C.W. Sughrue, detective scalcagnato ma pronto a tutto che abbiamo già incontrato in L’ultimo vero bacio (http://mangialibri.com/libri/l%E2%80%99ultimo-vero-bacio) e in L’anatra messicana (http://mangialibri.com/libri/l%E2%80%99anatra-messicana), si trova stavolta, più del solito, ad affrontare qualcosa di più grande di lui: altro che recupero di dati, qui il sangue scorre come acqua in un canyon, e il suo eterno acerrimo nemico - quella testaccia dura che lo porta a perseverare in un caso anche quando è ormai apertamente chiaro che si tratta di una missione in cui non si faranno prigionieri - è sempre in agguato e lui non sa come vincerlo una volta per tutte. Non che questo sia il suo problema principale: quello che gli crea più grane con la polizia, tanto per cominciare, è il suo “tenere più alla giustizia che alla legge” (caratteristica che lo vede giungere in amplissimo anticipo rispetto al Jack Reacher di Lee Child). Se della prima indagine di C.W. Sughrue è stato scritto: «Il Grande Romanzo Americano?

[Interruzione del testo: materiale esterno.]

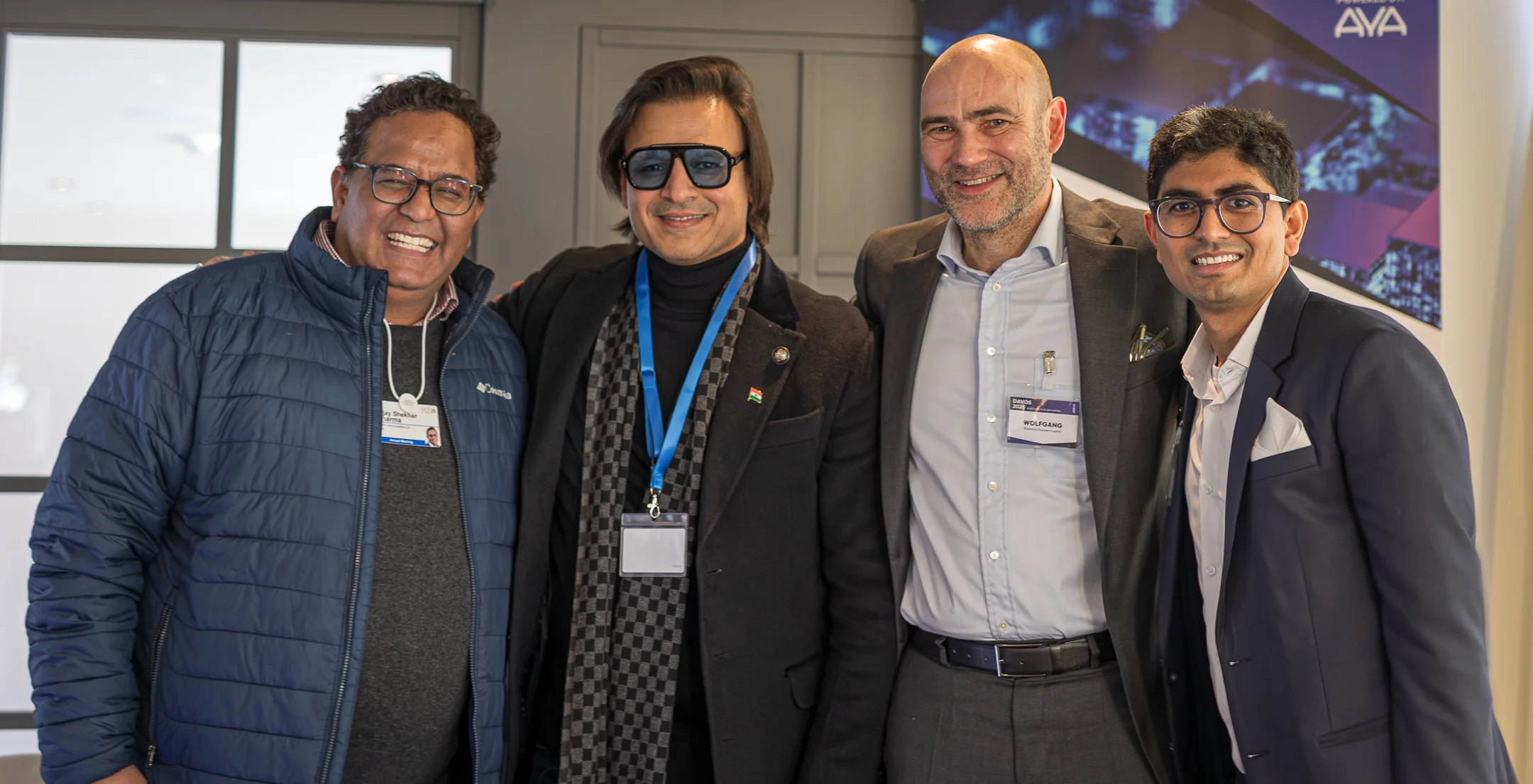 with Vijay Shekhar Sharma and Vivek Anand Oberoi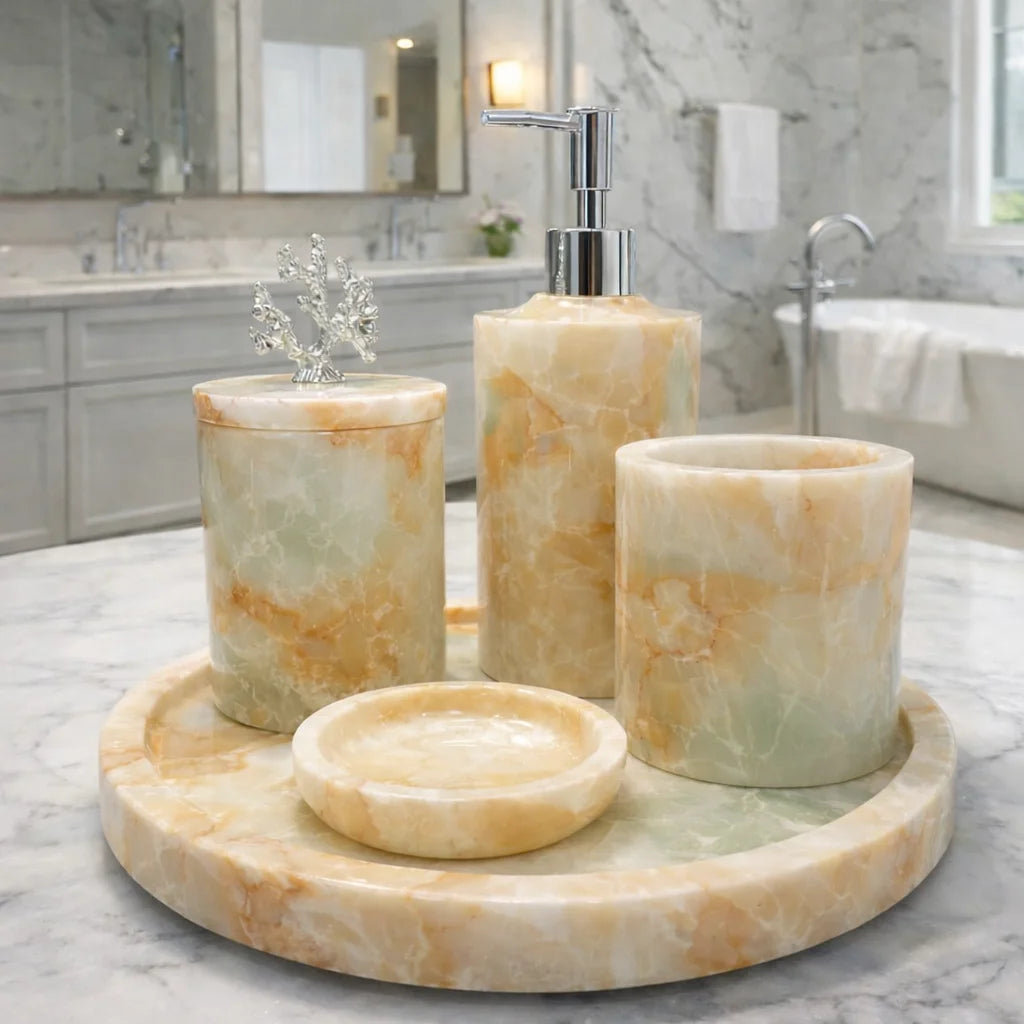 Set of Elegance & Utility marble bathroom set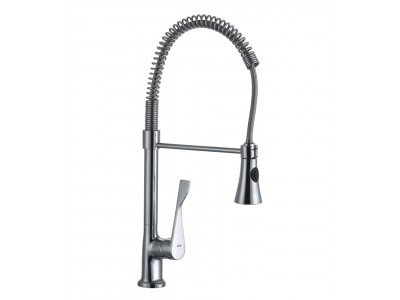 Mitigeur Cuisine Chromé avec Douchette Flexible Inox Anticalcaire – UM-2010-CR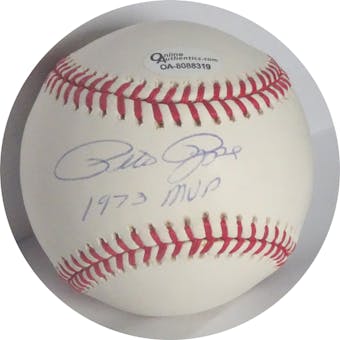 Pete Rose Autographed MLB Selig Baseball (1973 MVP) JSA B63861 (No Card) (Reed Buy)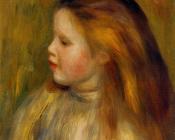 皮埃尔 奥古斯特 雷诺阿 : Head of a Little Girl in Profile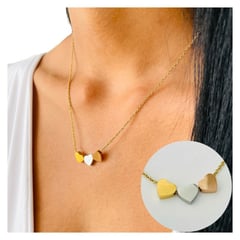 ACCESORIOS DE EVA - Cadena para Mujer en Acero Inoxidable Amores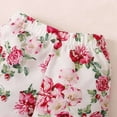 thumbnail image 6 of SILVERCELL 3M-2T Baby Girls Summer Floral Outfits Clothes Ribbed T-shirt Vest Tops + Floral Shorts + Headband Set, 6 of 6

È uscito da un pezzo, e ha per titolo L’ultimo vero bacio» (Neal Stephenson), di questa terza avventura la rivista “Time Out” ha detto: «Questo romanzo è così hardboiled che, al confronto, Ellroy e Connelly sembrano Simon e Garfunkel». Un ritorno in grande stile per un personaggio che non leggeremo mai più in una storia dedicata (a parte la fugace avventura del racconto “La scrofa messicana”, pubblicato in Italia nell’antologia einaudiana The Dark Side, a cura di Roberto Santachiara), e che comparirà l’ultima volta in compagnia dell’altro grande protagonista di Crumley, Milo Milodragovitch, nel romanzo Il confine dell’inganno.
James Crumley, Una vera follia, ed. Einaudi, 2005.